» TASK TO CARRY OUT: Repeat exactly the lines running from the first line of the data to the line containing "First, we get", both ends included, and nothing else; drop the pictures.

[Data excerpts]
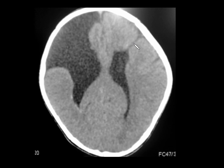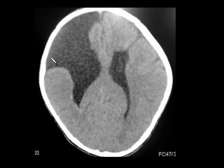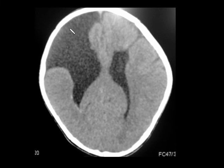Coming to the next case, you can see an abnormal CSF cleft extending from the ventricle to the cortical surface, and another abnormal cleft directly opening into the extraaxial CSF spaces. This is open-lip and closed-lip schizencephaly, both depicted in a single case.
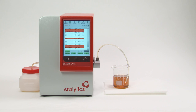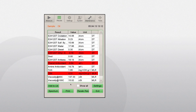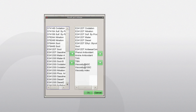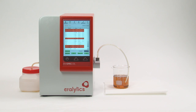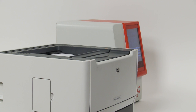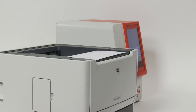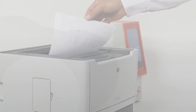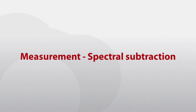Click Settings to append the list with additional parameters. The results can also be printed on a directly connected printer or via Ethernet connection to a LAN or network printer.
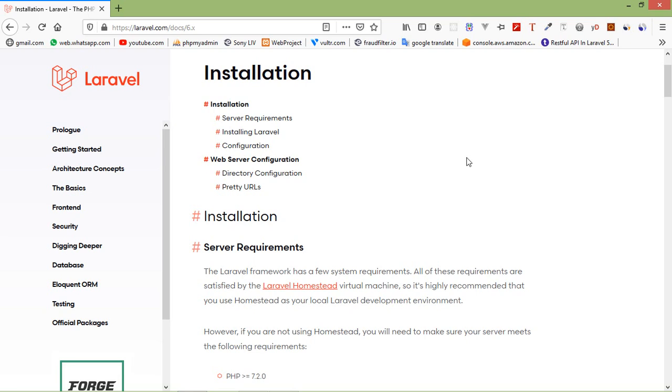Hi everyone, welcome back to the Laravel 6 tutorial. In this video we are going to learn how we can install Laravel 6. During this installation we will follow the recommended approach which is provided by Laravel.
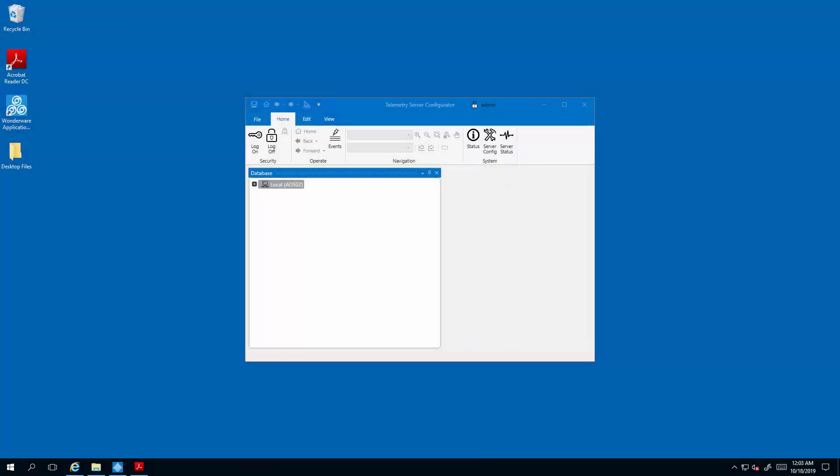When would you use our Aviva Telemetry Server Communications Driver? One, you are connecting to geographically distributed assets. Two, you need to leverage industry protocols such as DNP3 and Modbus that are required to connect to such equipment that is in geographically distributed locations.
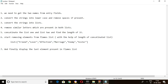First, we get the two names from the entry fields. Next, convert the strings to lowercase if any uppercase letters are present, and remove spaces if any are present. Then convert the strings into lists and remove similar letters present in both lists. After that, concatenate list1 and list2 and find the length. Then start removing elements from the FLAMES list using that length, and finally display the last remaining element.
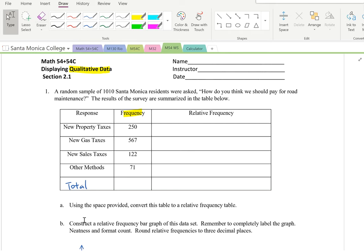Hello, in this lesson I'm going to review how to construct a bar graph and how to read a bar graph.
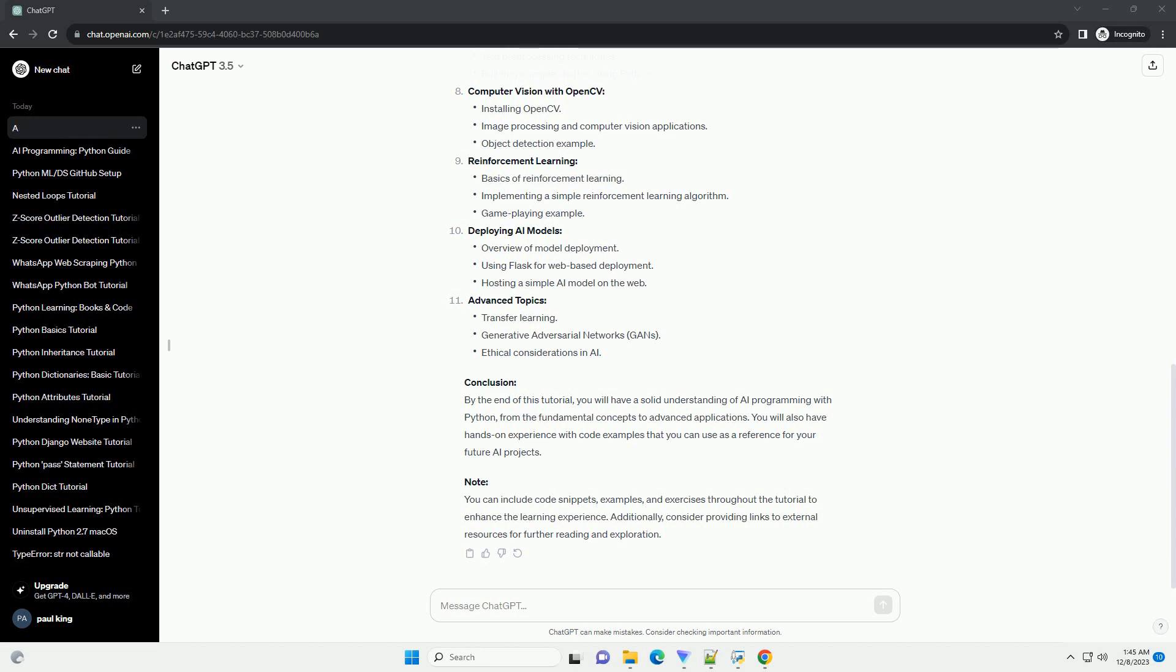NLP, Computer Vision with OpenCV, Reinforcement Learning, Deploying AI Models, Advanced Topics, Conclusion. By the end of this tutorial,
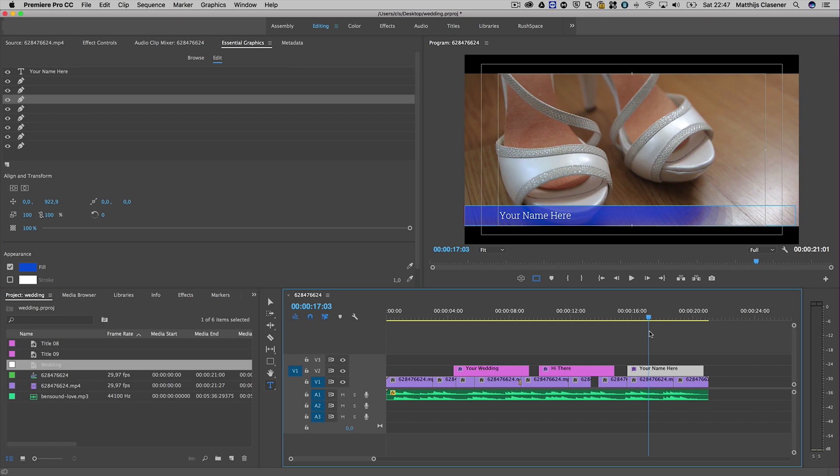So yeah, that's the new feature of making titles in Premiere Pro. I hope you like it - have fun with it! Check my other video later this week about making these titles inside After Effects for use in Premiere Pro. Bye!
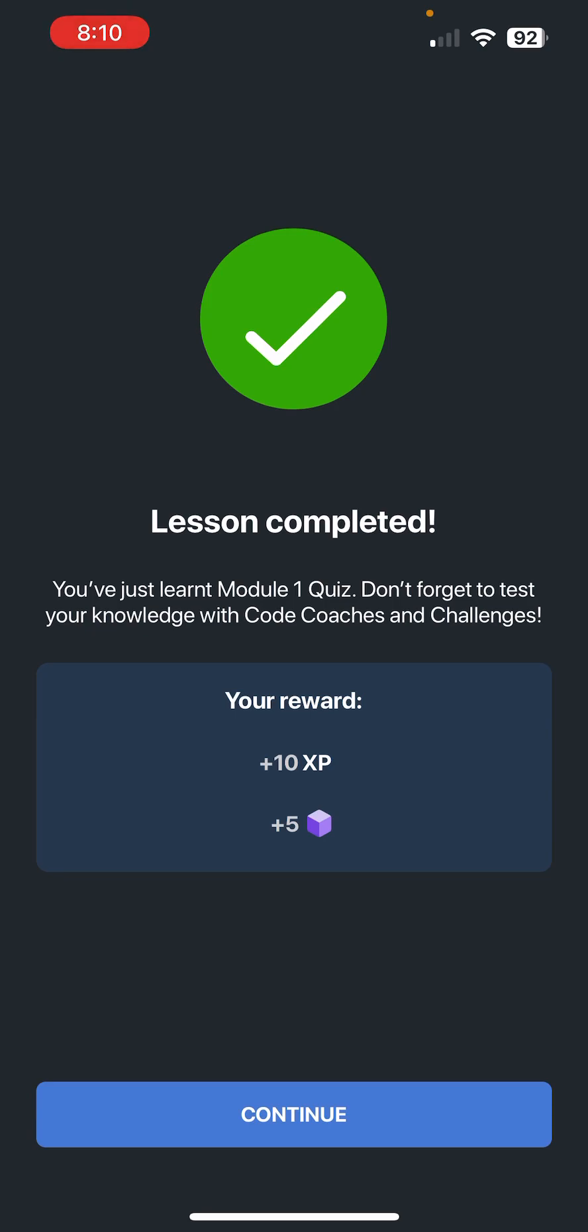I'll see you guys in the next video where we will start Module 2. Until then, have a great day, and please remember to like, comment, and subscribe. It would help the video a lot. Thank you guys so much!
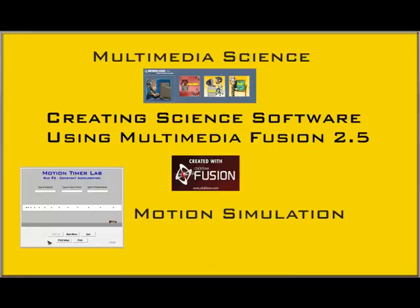This video has been brought to you by Multimedia Science, creators of science software and materials and teacher tools software. We will be showing you how to create your own science simulations using an authoring tool called Clickteam Fusion, formerly known as Multimedia Fusion.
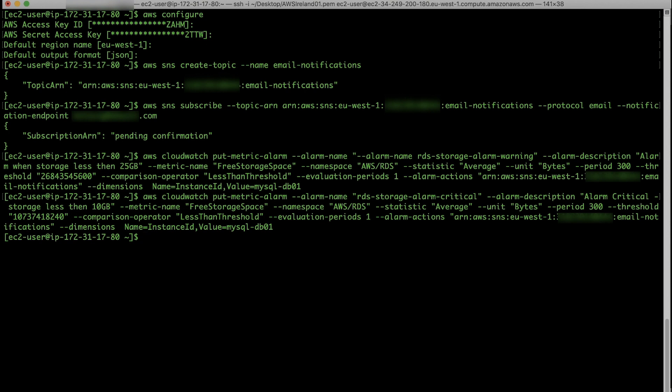Important, after an alarm is created, the alarm state is insufficient data until the metrics populate to the alarm.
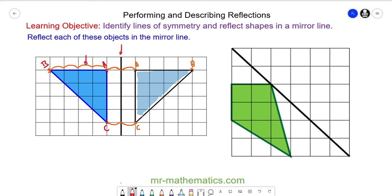Again, we're going to begin by labeling each vertex. We have vertex A, vertex B, vertex C, and vertex D. When we reflect along a diagonal mirror line, we travel towards the mirror line diagonally. For vertex B, we go one diagonal unit to the mirror line, then pass through it one unit diagonally on the other side. So vertex B is reflected to here.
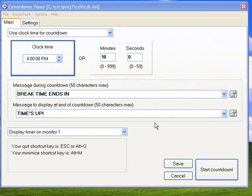Hello and welcome to this short tutorial on the countdown timer for PowerPoint. Now this countdown timer does not have to be used with PowerPoint, but it makes it a lot easier to use it within PowerPoint.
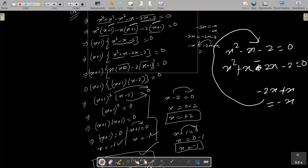Between these two, x is the common, so you get x plus 1; x plus 1 again — so x plus 1 whole square comes and x minus 2 equal to zero. After that, x plus 1 whole square equal to zero gives x equal to minus 1 twice, and x minus 2 equal to zero gives x equal to 2. So this is the way we solve this question. I hope this video is helpful for you. Thanks for watching, see you next week. Thank you.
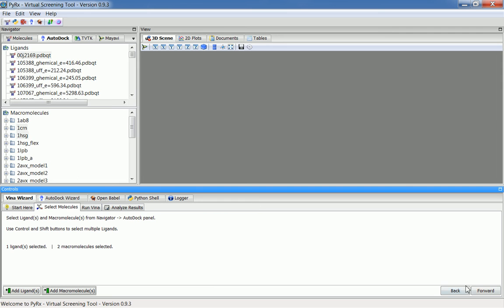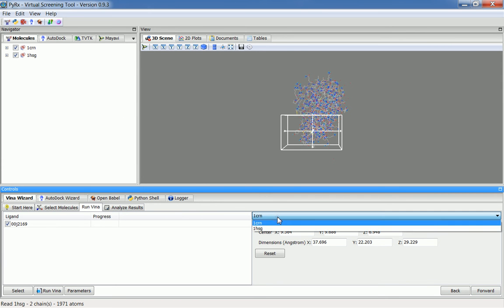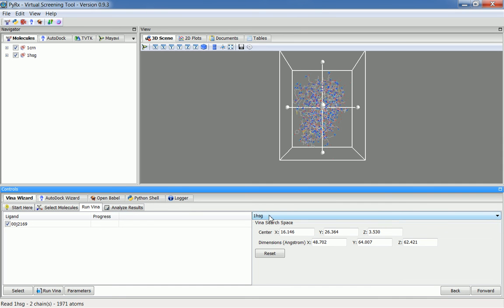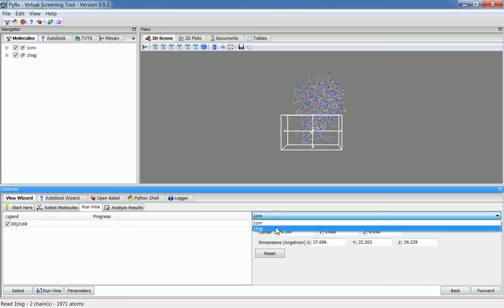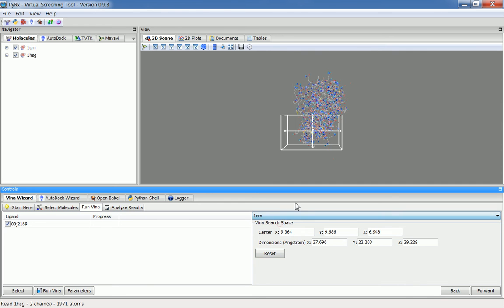I'll click Forward. In this tab, you'll see that there is now a drop-down list where you can select the receptor or macromolecule you are working with. When you select a particular receptor, it will show you the search box. By default, PyRx maximizes the search space so that it will include all the atoms of your macromolecule. This way, you won't have to go through each receptor or macromolecule and change the grid dimension for each one individually.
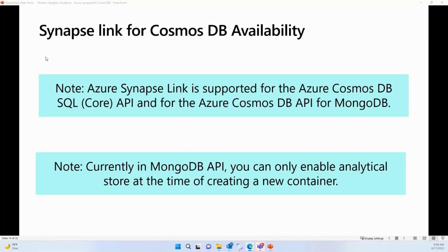From a Synapse Link Cosmos DB availability standpoint, it is available only for SQL APIs and MongoDB APIs. It is not available for Cassandra or Graph APIs. In the case of MongoDB APIs, you can only enable Synapse Link for new containers — not existing containers. For SQL APIs, you can enable it for both new and existing containers.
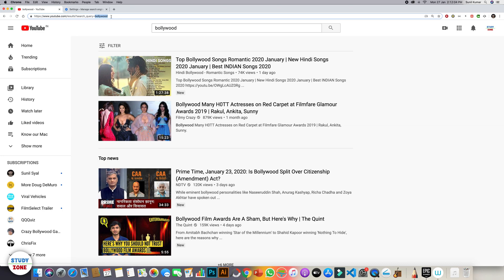So this is how you can use your Chrome as a search engine for that particular site which you search very frequently. That's it from this video. Keep watching studyzone.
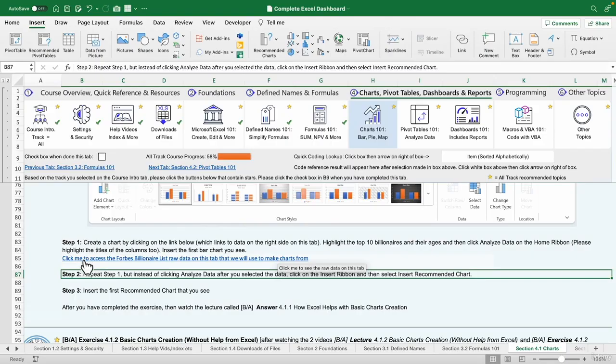In terms of the answers for 4.1.1, the first thing we do is click right here to highlight the top 10 billionaires and their ages, and then click Analyze Data to add the chart.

» COMPLETED EXERCISE:
Coming to the next case, you can see an abnormal CSF cleft extending from the ventricle to the cortical surface, and another abnormal cleft directly opening into the extraaxial CSF spaces. This is open-lip and closed-lip schizencephaly, both depicted in a single case.
Click Settings to append the list with additional parameters. The results can also be printed on a directly connected printer or via Ethernet connection to a LAN or network printer.
Hi everyone, welcome back to the Laravel 6 tutorial. In this video we are going to learn how we can install Laravel 6. During this installation we will follow the recommended approach which is provided by Laravel.
When would you use our Aviva Telemetry Server Communications Driver? One, you are connecting to geographically distributed assets. Two, you need to leverage industry protocols such as DNP3 and Modbus that are required to connect to such equipment that is in geographically distributed locations.
First, we get the two names from the entry fields. Next, convert the strings to lowercase if any uppercase letters are present, and remove spaces if any are present. Then convert the strings into lists and remove similar letters present in both lists. After that, concatenate list1 and list2 and find the length. Then start removing elements from the FLAMES list using that length, and finally display the last remaining element.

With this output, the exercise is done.